> **Required action**
Output each record in full, exactly as it stands.

> **Supplied records**

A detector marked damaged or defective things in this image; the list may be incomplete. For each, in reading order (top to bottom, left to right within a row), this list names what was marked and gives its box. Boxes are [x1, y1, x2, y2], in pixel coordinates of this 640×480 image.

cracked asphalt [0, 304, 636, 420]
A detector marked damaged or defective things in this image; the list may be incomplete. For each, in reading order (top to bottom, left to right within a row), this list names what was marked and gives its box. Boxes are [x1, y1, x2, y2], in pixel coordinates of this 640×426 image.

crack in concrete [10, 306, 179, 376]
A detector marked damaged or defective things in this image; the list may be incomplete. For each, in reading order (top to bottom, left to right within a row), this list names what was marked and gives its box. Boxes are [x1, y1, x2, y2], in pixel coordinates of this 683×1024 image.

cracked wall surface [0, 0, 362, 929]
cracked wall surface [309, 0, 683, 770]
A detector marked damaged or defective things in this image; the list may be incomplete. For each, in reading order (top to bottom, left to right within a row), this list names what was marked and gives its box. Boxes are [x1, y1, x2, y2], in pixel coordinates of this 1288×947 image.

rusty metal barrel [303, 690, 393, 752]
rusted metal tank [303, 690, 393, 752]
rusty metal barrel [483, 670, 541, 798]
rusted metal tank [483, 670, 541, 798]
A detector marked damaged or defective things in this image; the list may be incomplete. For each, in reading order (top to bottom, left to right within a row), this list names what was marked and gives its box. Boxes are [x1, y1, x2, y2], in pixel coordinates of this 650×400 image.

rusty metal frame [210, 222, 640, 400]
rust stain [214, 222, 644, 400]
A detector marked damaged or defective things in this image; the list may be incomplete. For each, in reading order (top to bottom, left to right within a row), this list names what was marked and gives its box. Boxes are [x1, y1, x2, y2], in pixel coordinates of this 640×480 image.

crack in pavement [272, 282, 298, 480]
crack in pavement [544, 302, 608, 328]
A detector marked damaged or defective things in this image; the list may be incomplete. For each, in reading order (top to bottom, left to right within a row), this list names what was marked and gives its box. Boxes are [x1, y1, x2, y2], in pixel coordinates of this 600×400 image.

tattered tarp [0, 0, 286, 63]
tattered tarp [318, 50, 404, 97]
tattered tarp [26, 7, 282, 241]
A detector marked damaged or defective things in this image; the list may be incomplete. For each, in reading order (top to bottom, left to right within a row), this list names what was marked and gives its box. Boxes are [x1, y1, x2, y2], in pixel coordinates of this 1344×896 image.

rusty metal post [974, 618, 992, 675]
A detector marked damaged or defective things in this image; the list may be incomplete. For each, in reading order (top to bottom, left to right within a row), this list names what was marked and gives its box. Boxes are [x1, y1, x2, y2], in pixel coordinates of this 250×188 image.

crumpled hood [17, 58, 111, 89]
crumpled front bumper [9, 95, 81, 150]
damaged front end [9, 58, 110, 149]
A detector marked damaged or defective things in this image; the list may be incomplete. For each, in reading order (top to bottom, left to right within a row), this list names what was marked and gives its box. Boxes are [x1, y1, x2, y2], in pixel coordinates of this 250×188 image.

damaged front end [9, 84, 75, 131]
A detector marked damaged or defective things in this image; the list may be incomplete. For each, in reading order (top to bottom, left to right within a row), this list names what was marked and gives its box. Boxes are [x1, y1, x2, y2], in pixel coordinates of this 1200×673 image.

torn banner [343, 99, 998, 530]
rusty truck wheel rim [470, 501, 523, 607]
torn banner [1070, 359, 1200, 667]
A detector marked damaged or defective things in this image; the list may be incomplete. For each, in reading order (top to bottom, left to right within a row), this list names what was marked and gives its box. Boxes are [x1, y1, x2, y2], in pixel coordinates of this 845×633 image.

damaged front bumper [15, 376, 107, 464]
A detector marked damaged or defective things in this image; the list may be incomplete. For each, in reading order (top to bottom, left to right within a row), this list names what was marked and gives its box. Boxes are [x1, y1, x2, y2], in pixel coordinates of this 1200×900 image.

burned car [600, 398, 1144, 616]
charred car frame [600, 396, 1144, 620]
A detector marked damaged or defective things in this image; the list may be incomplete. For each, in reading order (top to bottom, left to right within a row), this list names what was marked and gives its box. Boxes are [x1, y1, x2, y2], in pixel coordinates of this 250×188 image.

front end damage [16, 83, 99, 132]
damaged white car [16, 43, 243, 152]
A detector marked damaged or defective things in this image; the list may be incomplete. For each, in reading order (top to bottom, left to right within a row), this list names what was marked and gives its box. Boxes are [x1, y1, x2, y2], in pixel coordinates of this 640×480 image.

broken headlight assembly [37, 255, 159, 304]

> **Exercise response**
A detector marked damaged or defective things in this image; the list may be incomplete. For each, in reading order (top to bottom, left to right within a row), this list names what was marked and gives its box. Boxes are [x1, y1, x2, y2], in pixel coordinates of this 640×480 image.

cracked asphalt [0, 304, 636, 420]
A detector marked damaged or defective things in this image; the list may be incomplete. For each, in reading order (top to bottom, left to right within a row), this list names what was marked and gives its box. Boxes are [x1, y1, x2, y2], in pixel coordinates of this 640×426 image.

crack in concrete [10, 306, 179, 376]
A detector marked damaged or defective things in this image; the list may be incomplete. For each, in reading order (top to bottom, left to right within a row), this list names what was marked and gives its box. Boxes are [x1, y1, x2, y2], in pixel coordinates of this 683×1024 image.

cracked wall surface [0, 0, 362, 929]
cracked wall surface [309, 0, 683, 770]
A detector marked damaged or defective things in this image; the list may be incomplete. For each, in reading order (top to bottom, left to right within a row), this list names what was marked and gives its box. Boxes are [x1, y1, x2, y2], in pixel coordinates of this 1288×947 image.

rusty metal barrel [303, 690, 393, 752]
rusted metal tank [303, 690, 393, 752]
rusty metal barrel [483, 670, 541, 798]
rusted metal tank [483, 670, 541, 798]
A detector marked damaged or defective things in this image; the list may be incomplete. For each, in reading order (top to bottom, left to right within a row), this list names what was marked and gives its box. Boxes are [x1, y1, x2, y2], in pixel coordinates of this 650×400 image.

rusty metal frame [210, 222, 640, 400]
rust stain [214, 222, 644, 400]
A detector marked damaged or defective things in this image; the list may be incomplete. For each, in reading order (top to bottom, left to right within a row), this list names what was marked and gives its box. Boxes are [x1, y1, x2, y2], in pixel coordinates of this 640×480 image.

crack in pavement [272, 282, 298, 480]
crack in pavement [544, 302, 608, 328]
A detector marked damaged or defective things in this image; the list may be incomplete. For each, in reading order (top to bottom, left to right within a row), this list names what was marked and gives its box. Boxes are [x1, y1, x2, y2], in pixel coordinates of this 600×400 image.

tattered tarp [0, 0, 286, 63]
tattered tarp [318, 50, 404, 97]
tattered tarp [26, 7, 282, 241]
A detector marked damaged or defective things in this image; the list may be incomplete. For each, in reading order (top to bottom, left to right within a row), this list names what was marked and gives its box. Boxes are [x1, y1, x2, y2], in pixel coordinates of this 1344×896 image.

rusty metal post [974, 618, 992, 675]
A detector marked damaged or defective things in this image; the list may be incomplete. For each, in reading order (top to bottom, left to right within a row), this list names what was marked and gives its box. Boxes are [x1, y1, x2, y2], in pixel coordinates of this 250×188 image.

crumpled hood [17, 58, 111, 89]
crumpled front bumper [9, 95, 81, 150]
damaged front end [9, 58, 110, 149]
A detector marked damaged or defective things in this image; the list may be incomplete. For each, in reading order (top to bottom, left to right within a row), this list names what was marked and gives its box. Boxes are [x1, y1, x2, y2], in pixel coordinates of this 250×188 image.

damaged front end [9, 84, 75, 131]
A detector marked damaged or defective things in this image; the list may be incomplete. For each, in reading order (top to bottom, left to right within a row), this list names what was marked and gives its box. Boxes are [x1, y1, x2, y2], in pixel coordinates of this 1200×673 image.

torn banner [343, 99, 998, 530]
rusty truck wheel rim [470, 501, 523, 607]
torn banner [1070, 359, 1200, 667]
A detector marked damaged or defective things in this image; the list may be incomplete. For each, in reading order (top to bottom, left to right within a row), this list names what was marked and gives its box. Boxes are [x1, y1, x2, y2], in pixel coordinates of this 845×633 image.

damaged front bumper [15, 376, 107, 464]
A detector marked damaged or defective things in this image; the list may be incomplete. For each, in reading order (top to bottom, left to right within a row), this list names what was marked and gives its box. Boxes are [x1, y1, x2, y2], in pixel coordinates of this 1200×900 image.

burned car [600, 398, 1144, 616]
charred car frame [600, 396, 1144, 620]
A detector marked damaged or defective things in this image; the list may be incomplete. For each, in reading order (top to bottom, left to right within a row), this list names what was marked and gives its box. Boxes are [x1, y1, x2, y2], in pixel coordinates of this 250×188 image.

front end damage [16, 83, 99, 132]
damaged white car [16, 43, 243, 152]
A detector marked damaged or defective things in this image; the list may be incomplete. For each, in reading order (top to bottom, left to right within a row), this list names what was marked and gives its box. Boxes are [x1, y1, x2, y2], in pixel coordinates of this 640×480 image.

broken headlight assembly [37, 255, 159, 304]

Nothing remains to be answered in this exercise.